Many of us have them… drunken nights that change our lives – normally for the worse. I had one such night in Japan several years ago – except that this drunken night changed my life forever, in a very good way.
To set the back story, I was an English teacher in South Korea. During a long weekend, I headed to Japan for a three night break with a group of friends. We had a few drinks, had a few more drinks, and before we knew it we trying to order vegetarian breakfast muffins in McDonalds before being forcibly removed – however helpful you think that you are being, restaurant staff do not want customers to help with the cooking of food. For this reason, please remain on your side of the counter at all times.
Giving up our silliness for the night, we decided to go home…. Until my friend and I bumped into a couple of young ladies – and attractive young ladies can be the downfall of young men around the world. Rather than going to bed, we joined them for a drink, failing to initiate any real conversation as we shared no common language. Shortly after the sun rose we realised that we were in imminent danger of missing our bus. We left the bar at full sprint, got hopelessly lost, took a taxi to the wrong place, and by the time we found our hostel, all of our friends had gone. We jumped into another taxi, raced to the bus station, arrived just in time to catch our bus, and ended up at the wrong platform. By the time we found the correct platform, our bus had departed minutes earlier. In case you are wondering why we didn’t just call or message our friends, this story occurs five years ago at a time when neither my friend nor I owned a smart phone. In fact, neither of us had a working phone in Japan, making our friends completely unreachable at the time.

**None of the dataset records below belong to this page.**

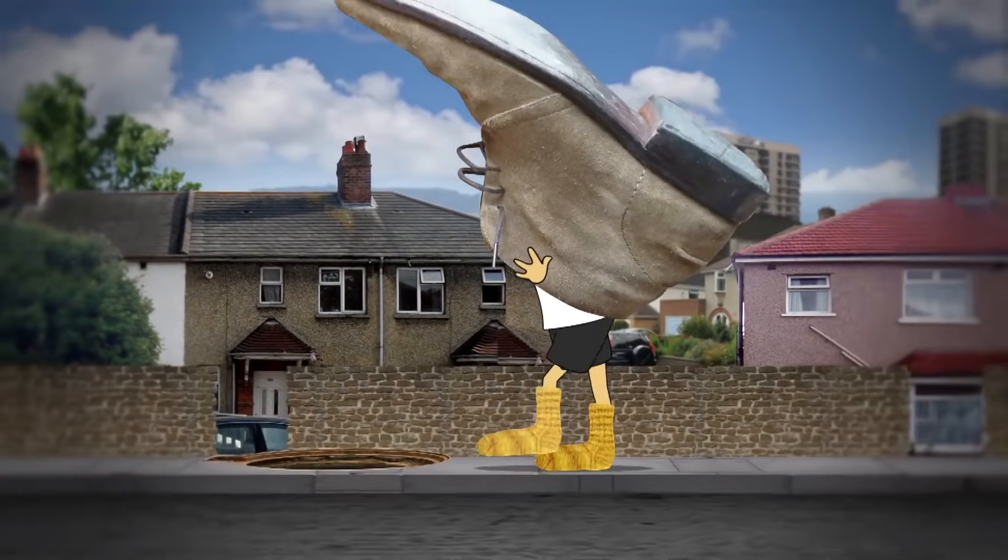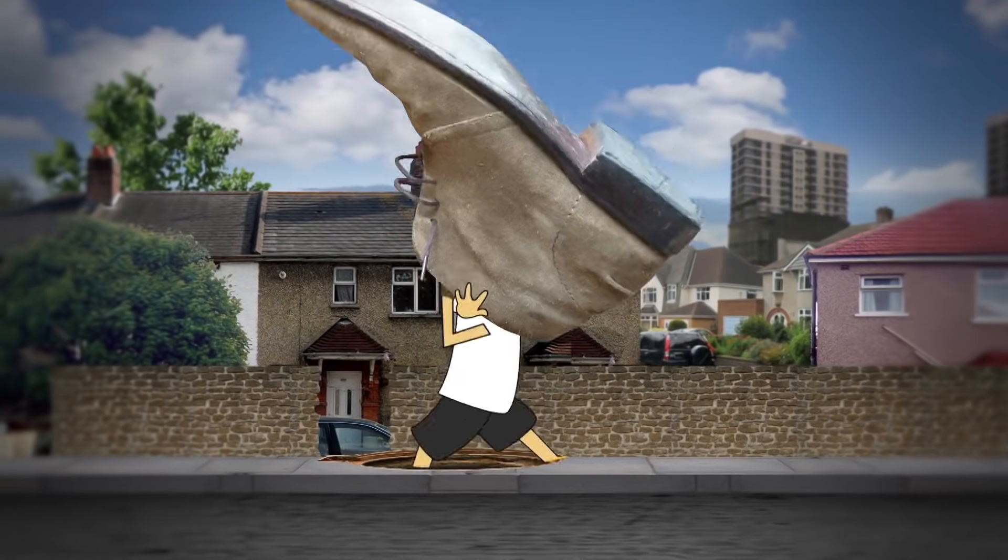But to help prevent blisters, make sure there are no wrinkles in your socks and your shoes fit properly. Oh dear!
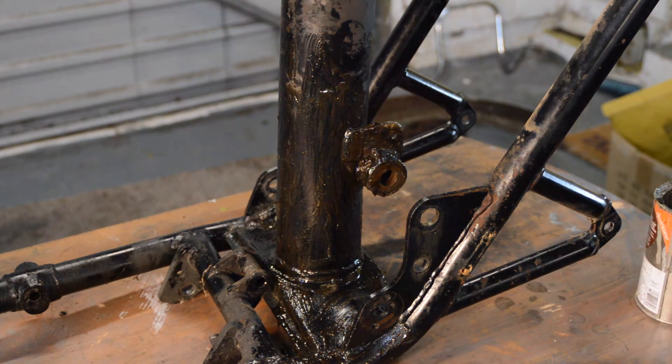The frame is stripped and it's now suspended by a rope across the garage, which will enable me to get to all parts of it with the spray gun. The first thing to do is put a couple of coats of etch on it, which will protect it against rusting. Etch is really very thin, so after that and before the primer I'll make doubly sure everything that needs to be bonded up is bonded up.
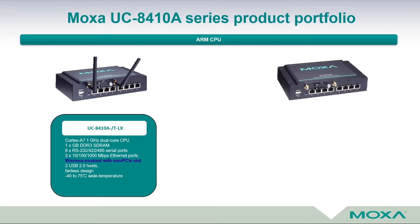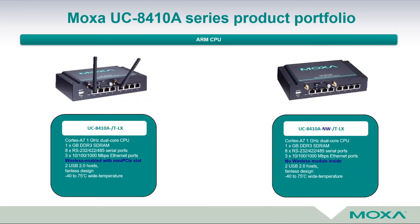The next model comes without a wireless module inside, indicated by NWV in the name of the UC8410A — standing for non-wireless. It has the same hardware, but leaves the ability for the customer to install a wireless or LTE module by themselves.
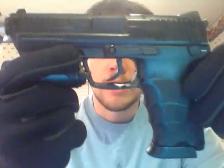The pistol is just really, really, really nice. I haven't had any problems out of it at all. The only thing I really don't like — well, actually there's a few things that I don't like.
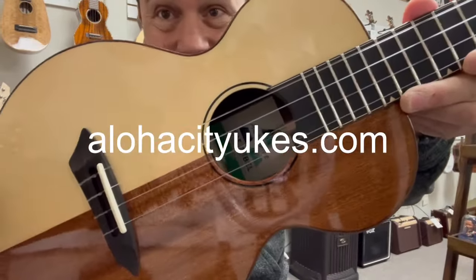It has an ebony bridge and an ebony fretboard with these cool maple wood fretboard markers. It also has these two little maple strips up the side of the fretboard, which is a cool feature. Up to the black headstock — it's got the gold and black Gotoh UPT tuners on there, which keeps it tuned nicely.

In the train station we found out that train tickets would cost us the equivalent of £130. Not wanting to pay that sum of money, we decided to hitchhike. By now it was about eight in the morning. From a small cafe we were given a paper bag, onto which we wrote ‘Hiroshima’, the name of the town we were going to. We then proceeded to ask everyone who would listen (and some who wouldn’t) where we should go to reach Hiroshima.
At length, we got a ride, but not to Hiroshima – but three hours in the right direction. I fell asleep in the car and we ended up taking a train to Fukuoka instead. It cost £113, so we didn’t save much money, but we did have an awful lot of fun. We met up with our friends in Fukuoka (by using an internet cafe as we had no phones) before heading back to South Korea to return to our teaching jobs. I then had a thought – what if I kept on hitchhiking without a plan, without an end date?
I wrote the idea down in my notepad and several months later, that is exactly what I did. I finished my teaching contract in South Korea, headed back to the UK for a friend’s wedding, and hit the road with a tent and a sleeping bag to hitchhike alone for the very first time. I was (technically) homeless and unemployed, but very happy. What ensued was one of the most life changing and eye opening journeys I have ever undertaken – it didn’t enlighten me or make me a better person, but it positively affected my life. All because of one silly drunken night in Japan.